Start of Material provided
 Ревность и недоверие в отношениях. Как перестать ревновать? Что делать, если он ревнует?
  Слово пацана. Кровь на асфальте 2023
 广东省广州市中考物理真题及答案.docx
End of Material provided
Every line in the data above has to be retyped exactly.

 Ревность и недоверие в отношениях. Как перестать ревновать? Что делать, если он ревнует?
  Слово пацана. Кровь на асфальте 2023
 广东省广州市中考物理真题及答案.docx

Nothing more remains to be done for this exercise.